[Saved entries]
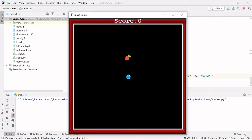Hey guys, my name is Fazan Khan, and in this video we will be creating a snake game. As a kid, I'm sure everybody has played this snake game. As a matter of fact, it was one of the first mobile games that came into the market, and now you are going to build this by yourself. Isn't it amazing?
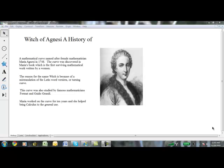To begin, we are going to learn a little bit about the history of the Witch of Agnesi. The Witch of Agnesi is a mathematical curve named after female mathematician Maria Agnesi in 1748. The curve was discovered in Maria's book, which is the first surviving mathematical work written by a woman. The reason for the name Witch is because of a mistranslation of the Latin word Versiera, or turning curve.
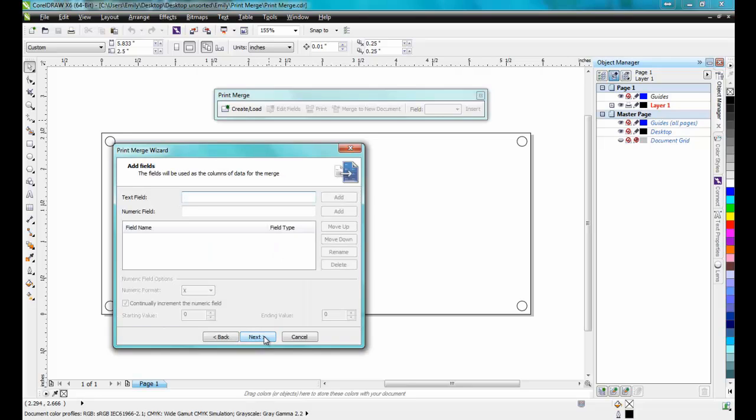In the PrintMerge dialog box, you can enter data as either a number or as text. In the Text field, I'll type Subject, and then click on the Add button. Next, I'll type in Room in the Numeric field, and click Add.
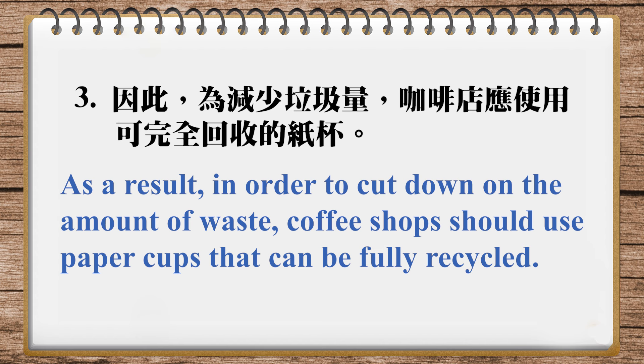And also, there's a much better way than using recyclable paper cups, and that is bring your own cup. Bring your own cup or your own thermos. That way we can really cut down on waste. I think that should be made into law. That's it for today, and we'll see you next time. Bye-bye. Bye-bye.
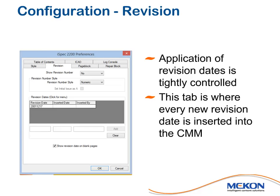You may remember earlier in this video that things were very tightly controlled when it came to revisions. The only way that you can put issue dates or revision dates in is through the revision tab on the preferences window. You put in the date that you wish, and once set, that date is retained all the time. The revision date, revision number and everything like that is very closely controlled.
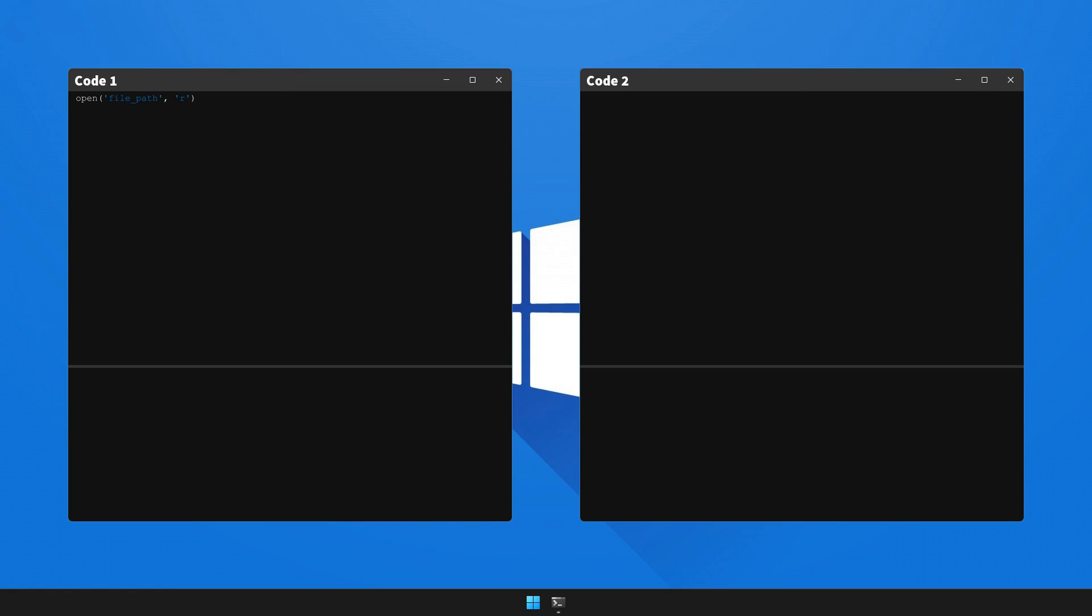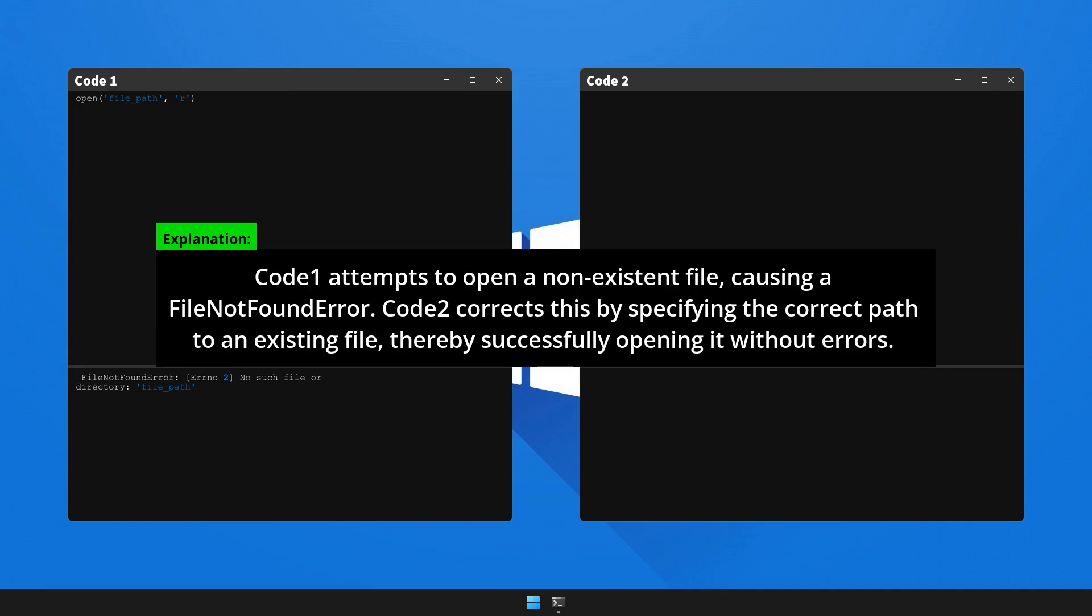Let's now run code 1 that triggers the error and see the output. So here's the explanation and solution to the bug. Please pause the video to review the explanation.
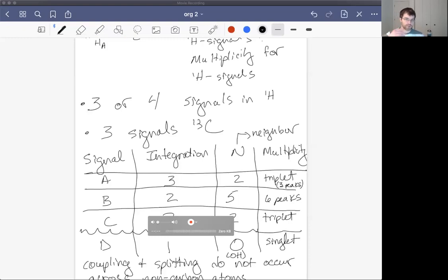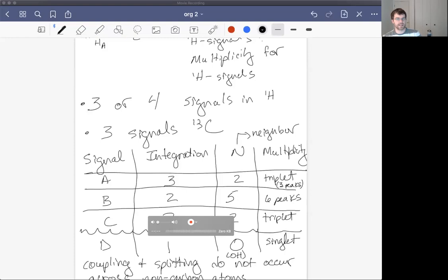This was a long lecture covering one of the most complicated aspects of NMR spectroscopy. Once you get used to the N+1 rule and can quickly identify neighboring hydrogens, it will come quickly. The next lecture will touch on some miscellaneous NMR topics to wrap up, and then we'll go through some examples and problems.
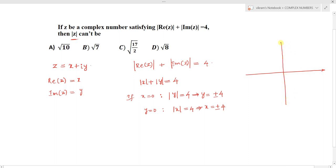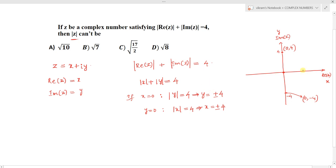On the Argand plane, the x-axis is the real part and the y-axis is the imaginary part. When x = 0, y has two values: 4 and −4, giving points (0, 4) and (0, −4). When y = 0, x = ±4, giving points (4, 0) and (−4, 0). Joining these four points gives us the locus.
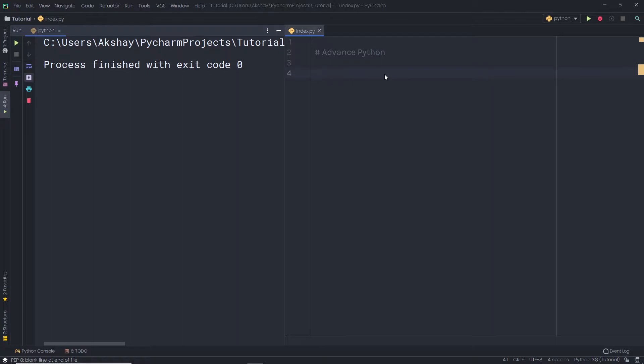In the previous lectures, we understood Python built-in functions and objects. We understood different types of objects in Python, like numbers, strings, lists, tuples, and dictionaries. We also understood how you can create your own user-defined functions in Python. Now let's take a look at how you can create your own object in Python. From this tutorial, we're going to start the advanced Python tutorials.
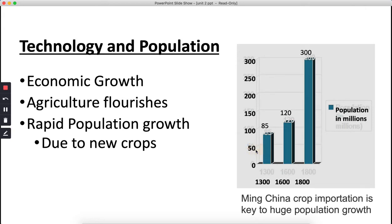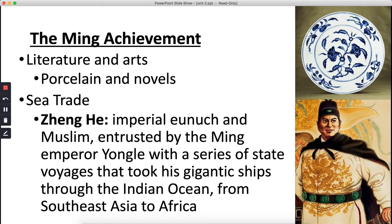Among Ming achievements, they produced some notable novels, but more importantly, porcelain — you might hear it called 'china' because the porcelain came from China. The very distinctive blue-on-white style is standard for porcelain from the Ming Dynasty. Furniture, lacquered screens, and silk were also part of Ming production.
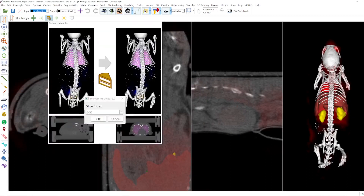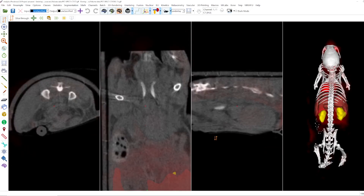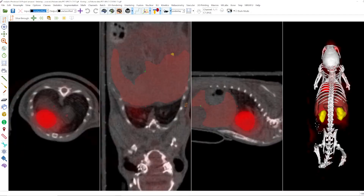With this you can go to a certain slice. You just enter the slice index here, for example 100. Now we are at slice 100 regarding the axial slice view. Or you can go to slice 300 here.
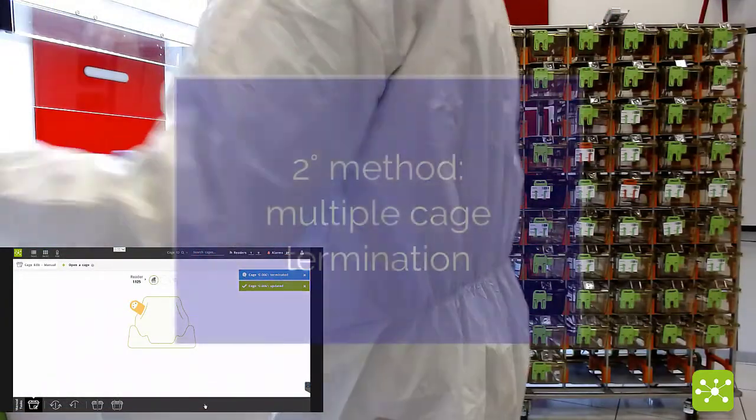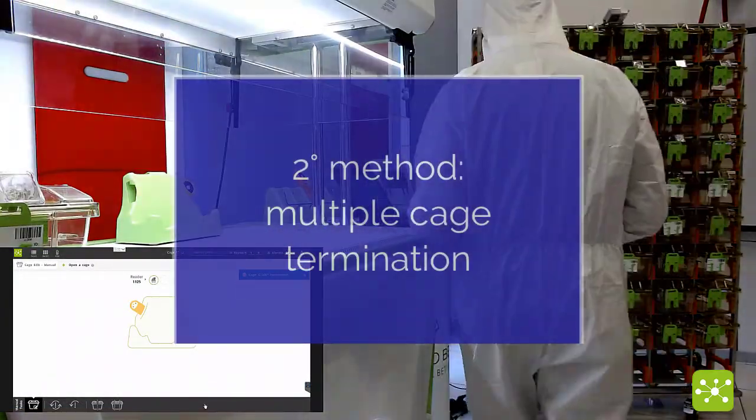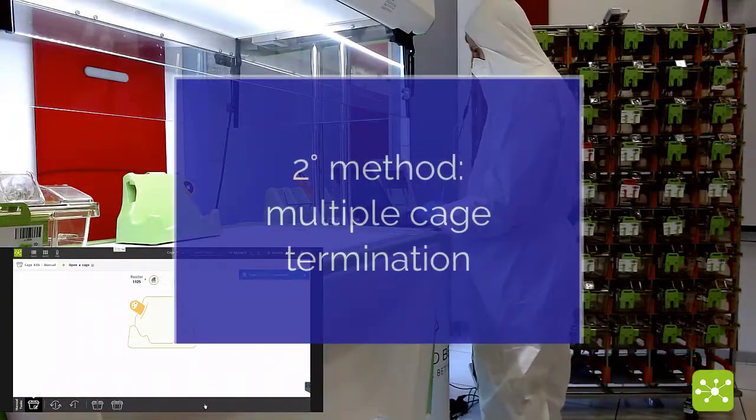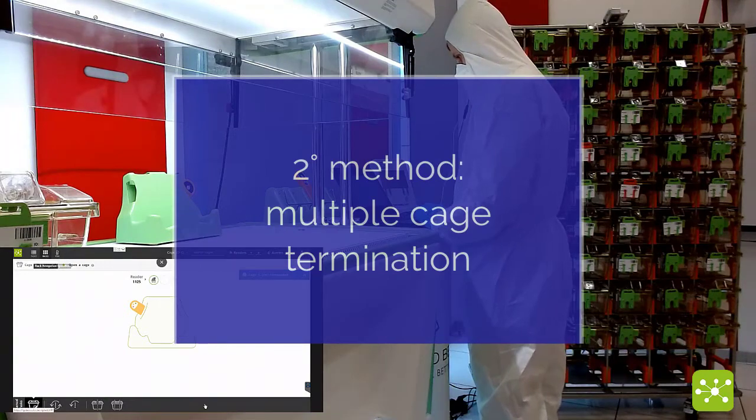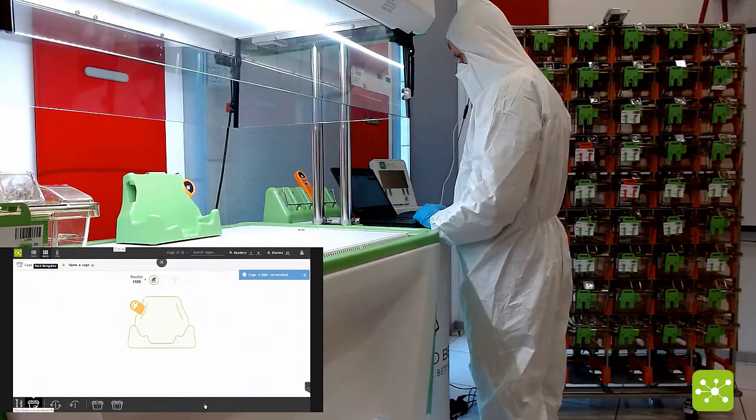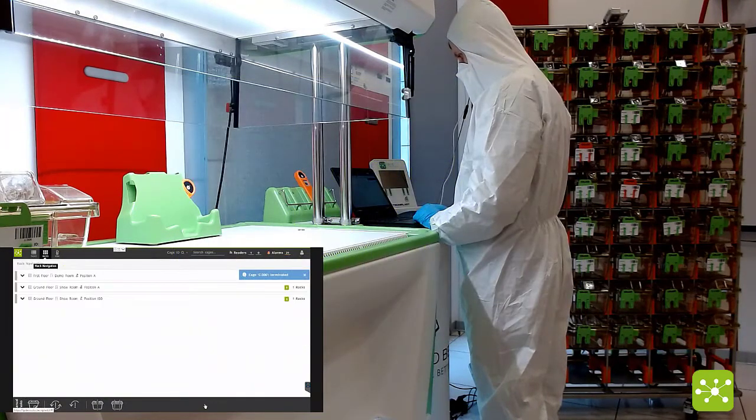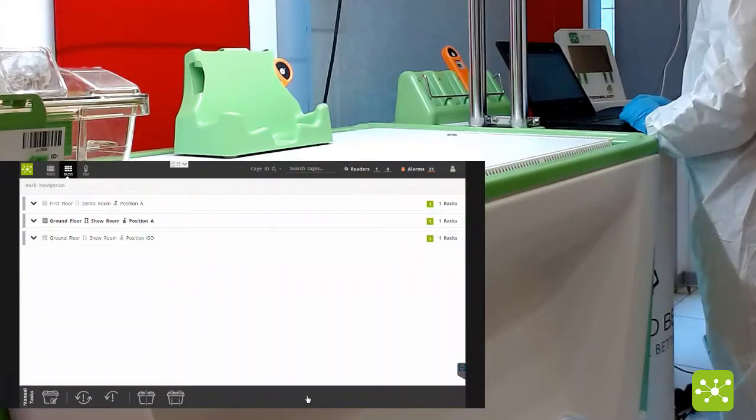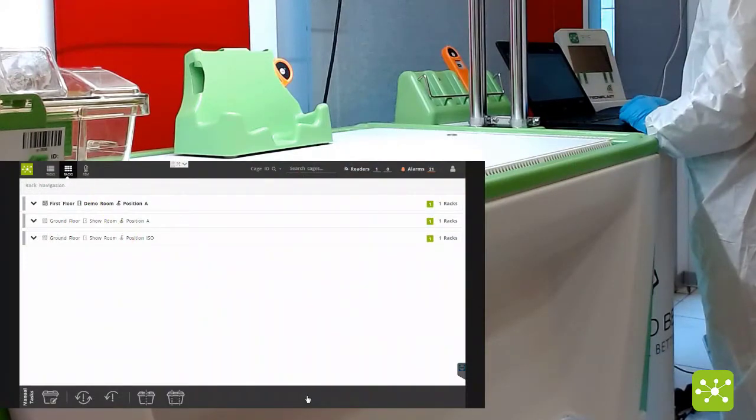Second way you can terminate a group of different cages, simply clicking on the rack icon located on the top left side.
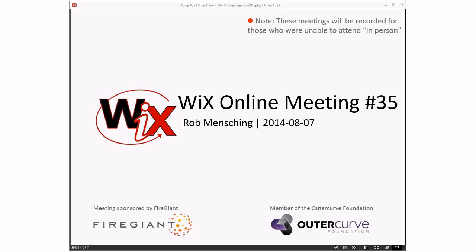Good morning, good evening, good afternoon, wherever you are, whatever time zone, whatever time you're watching this. This is the Wix online meeting number 35. It's August already, which is just kind of crazy. I missed last meeting, but let's get into this where we talk about what bugs we have left and what we're doing from here on out.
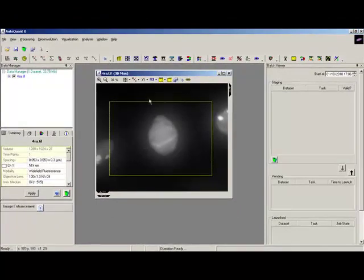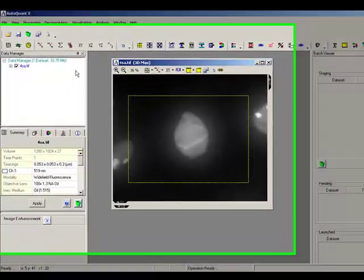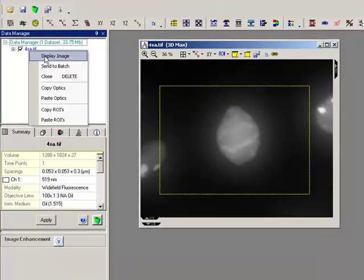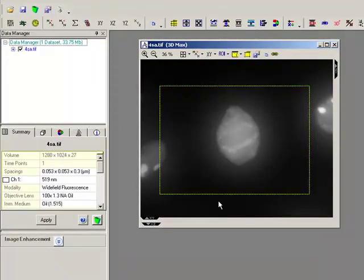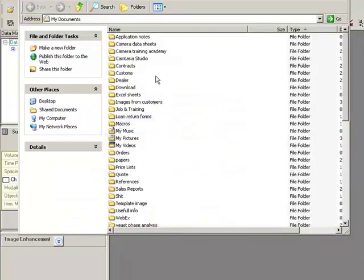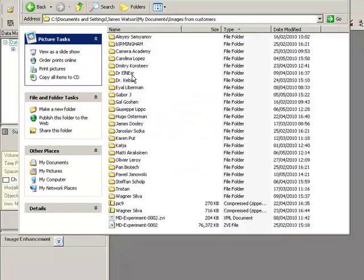There are a couple of different ways that I can add datasets into it. Firstly, if they're open in AutoQuant already I can right-click and simply send them to the batch, or I could browse Windows Explorer and add them in this way.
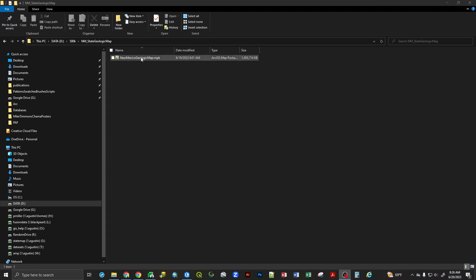What I've done is I've downloaded the New Mexico State Geologic Map from the geoinfo.nmt.edu website. That is the New Mexico Bureau of Geology's website. When I downloaded it, I get the map package. And at the core of it, what really this map package is, is a zip file.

_ASSIGNED TASK_
In the entries above, which lines run from the one with "In the PrintMerge" up to and including the one with "And also, there's"? Write them out exactly, without the pictures.

_ANSWER SECTION_
In the PrintMerge dialog box, you can enter data as either a number or as text. In the Text field, I'll type Subject, and then click on the Add button. Next, I'll type in Room in the Numeric field, and click Add.
And also, there's a much better way than using recyclable paper cups, and that is bring your own cup. Bring your own cup or your own thermos. That way we can really cut down on waste. I think that should be made into law. That's it for today, and we'll see you next time. Bye-bye. Bye-bye.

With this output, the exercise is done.